- Born: 31 May 1962 Stuttgart
- Education: Doctor of Philosophy, Doctor of Theology, habilitation
- Alma mater: University of Birmingham; University of Münster ;
- Occupation: Theologian, university teacher, writer, historian
- Employer: Theological College Wuppertal/Bethel ;

= Ulrich B. Schmid =

German Protestant theologian

Ulrich B. Schmid (born 31 May 1962 in Stuttgart) is a German Protestant theologian and university teacher.

== Biography ==
Ulrich Schmid is married and has a child.

=== Education ===
Schmid studied from 1982 to 1989 Protestant theology at the University of Tübingen and at Münster. The first ecclesiastical examination in 1989 was followed by a study of philosophy, ancient history and Byzantine studies in Münster from 1989 to 1992. From 1993 to 1995 followed the Vicariate and then in 1995 the 2nd ecclesiastical examination.

In the academic field he was awarded a doctorate in 1995 by the Protestant Theological Faculty of the University of Münster for Doctor of Theology. With a habilitation scholarship of the German Research Foundation (DFG) he continued his academic career in the years 1996 to 1998. From 1997 to 1998 he worked as a Fellow at the Netherlands Institute for Advanced Study (NIAS), from 1998 to 2000 at the University of Amsterdam.

At the Kirchliche Hochschule Bethel he was habilitated in 2002. In 2005, he published a book titled Unum ex quattuor. Eine Geschichte der lateinischen Tatianüberlieferung with Verlag Herder.

== Academic work ==
In 2008 he became an associate professor at Kirchliche Hochschule Wuppertal/Bethel.

Since 2002 he has been a research assistant at various institutions in Amsterdam, Münster, Wuppertal, Birmingham. Since 2015 he is a research associate at the Göttingen Academy of Sciences and Humanities.

Ulrich Schmid's areas of expertise are the New Testament, History of Christianity in general and the Early Christianity, such as Marcion, Tatian, the theology of the Middle Ages (Diatessaron) and the field of textual research (Ancient Greek and Latin tradition of the Christian Bible) in particular.

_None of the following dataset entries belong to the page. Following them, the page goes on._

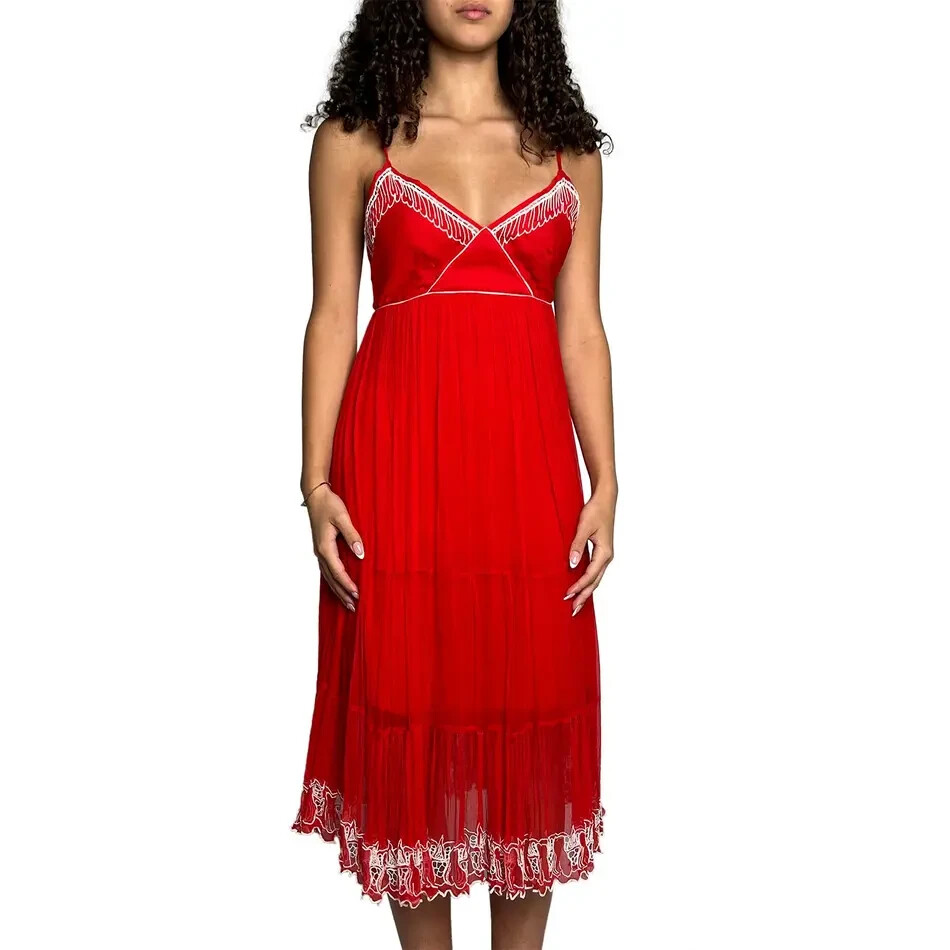 ALICE MCCALL Womens 100% Silk Red Midi Dress Size Australia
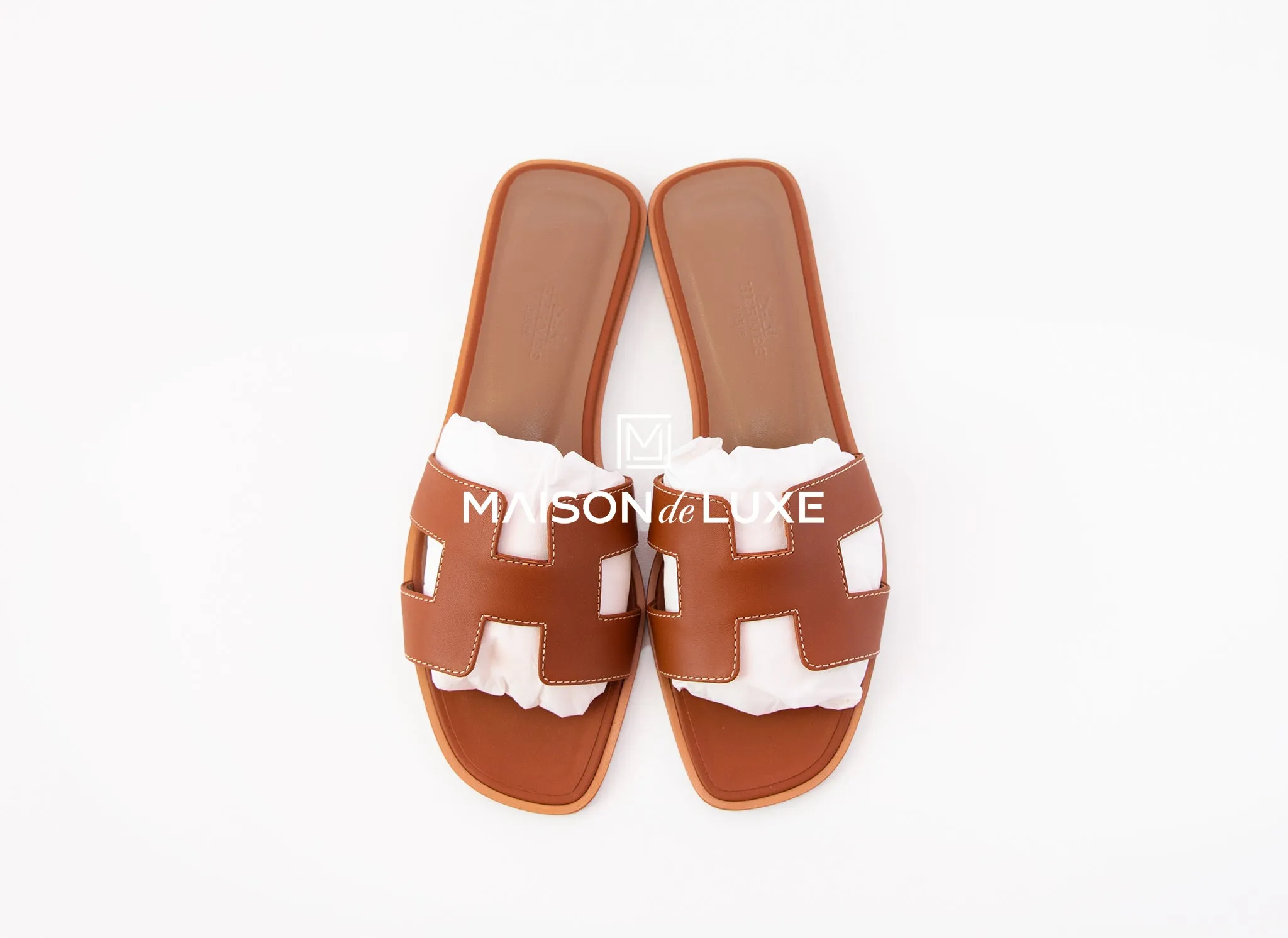 Hermes Women's Gold Oran Sandal Slipper 38 Shoes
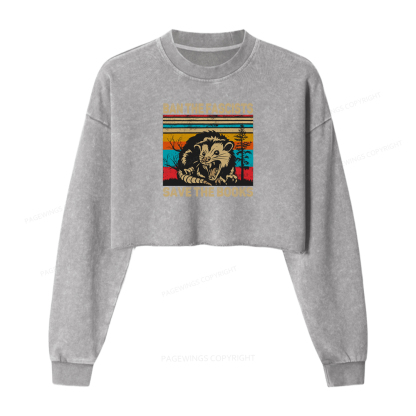 Pagewings Ban The Fascists Save The Books Washed Crop Sweatshirt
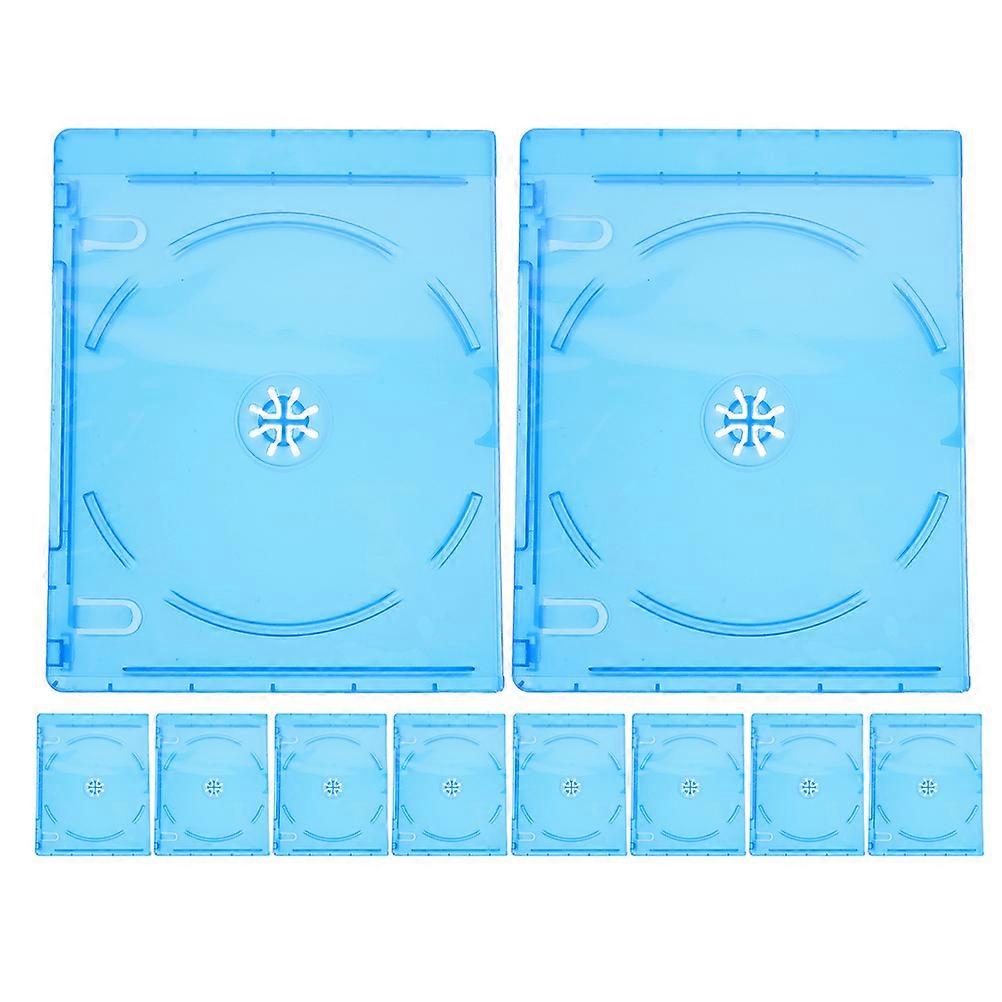 Disc Wrapping Case Multi-Use for Storage 10Pcs Translucent Sky-Blue Plastic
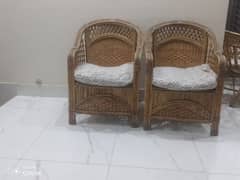 4× Cane Chairs with cushion
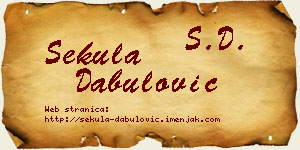 Sekula Dabulović vizit kartica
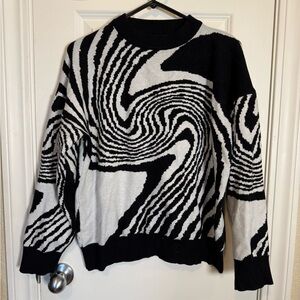 Y2K Inspired Black and White Swirl Pattern Sweater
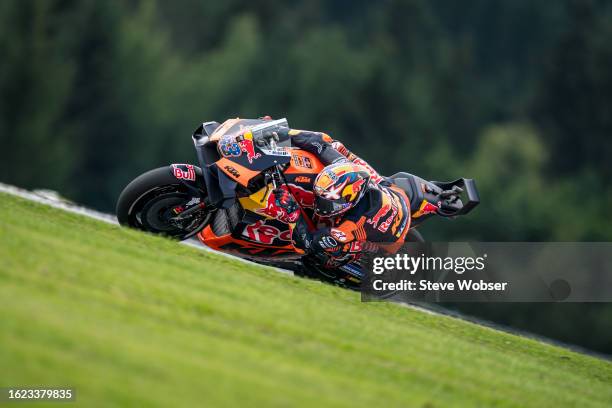 Jack Miller of Australia and Red Bull KTM Factory Racing rides during the practice of the MotoGP CryptoDATA Motorrad Grand Prix von Österreich at Red...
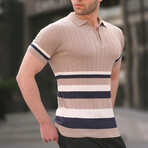 Striped Knitwear Polo // Mink (M)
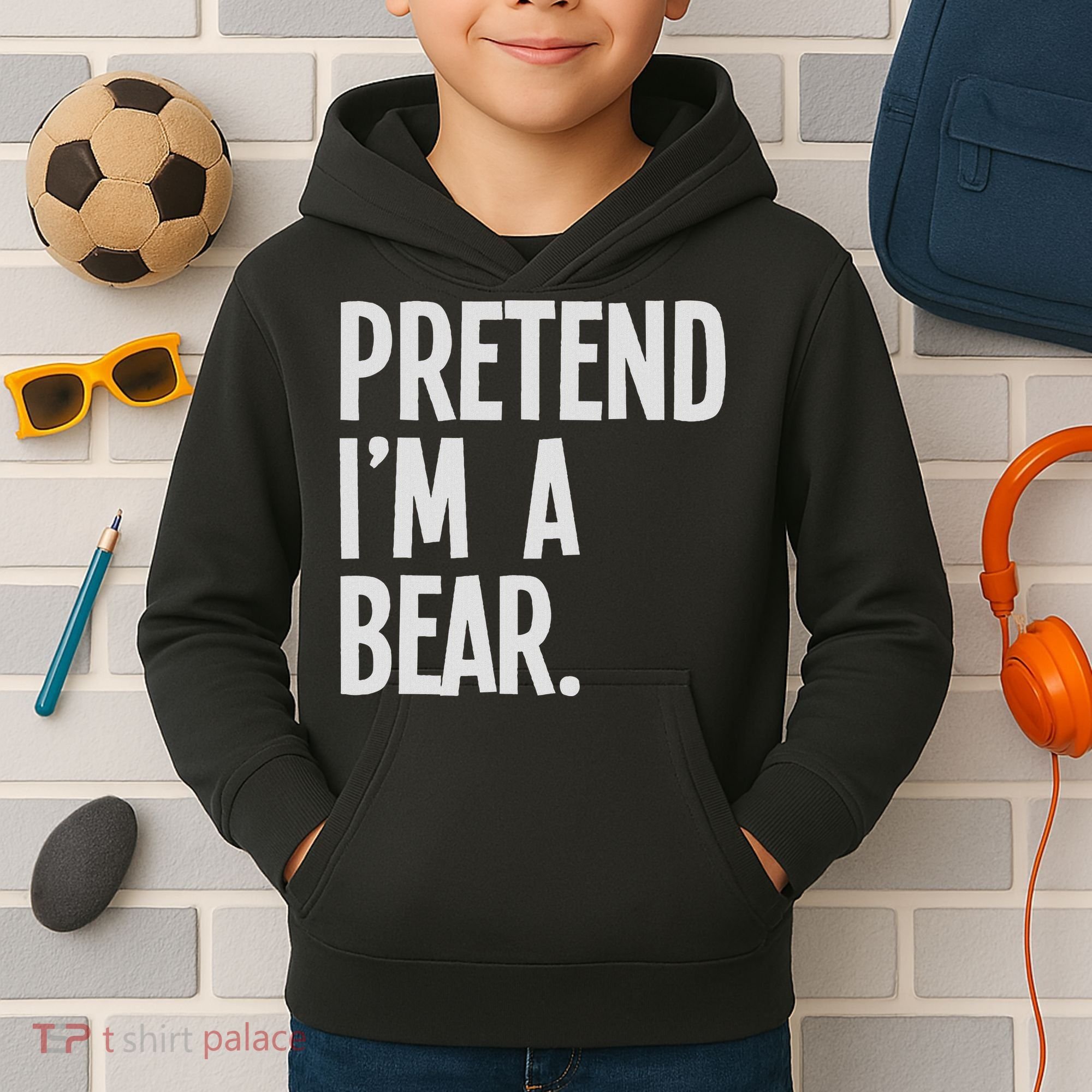 Pretend I'm A Bear Funny Halloween Party Costume Kids Hoodie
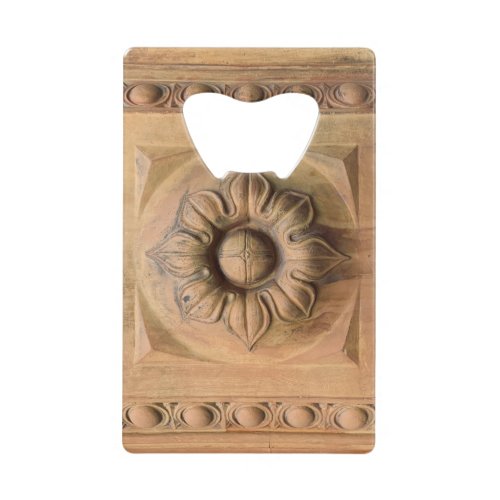 Old Italian terracotta floral plaque rosette tile Credit Card Bottle Opener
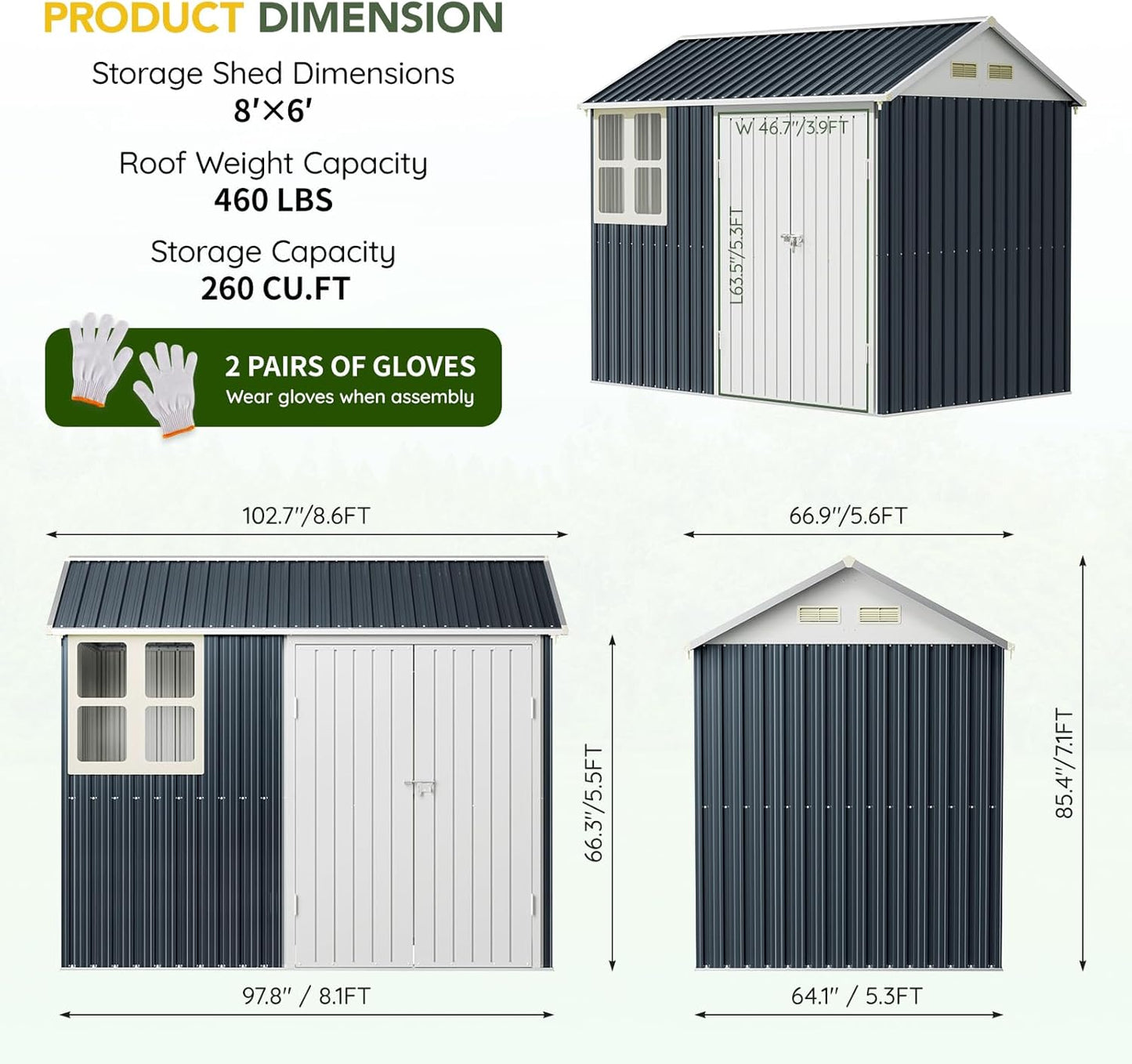 Breezz 6X8FT Outdoor Steel Storage Shed with Clear Window, Lockable Doors, Weather-Resistant Metal Tool Shed for Garden, Backyard, Patio, and Utility Storage.Nightblue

He is a member (as of 2019) in the following scientific associations: Kerkhistorisch Gezelschap, Society of Biblical Literature, Studiorum Novi Testamenti Societas, Committee of the International Greek New Testament Project.

== Award ==
In 1999 he received the Hendrik Casimir-Karl Ziegler Research Award of the North Rhine-Westphalian Academy of Sciences, Humanities and the Arts.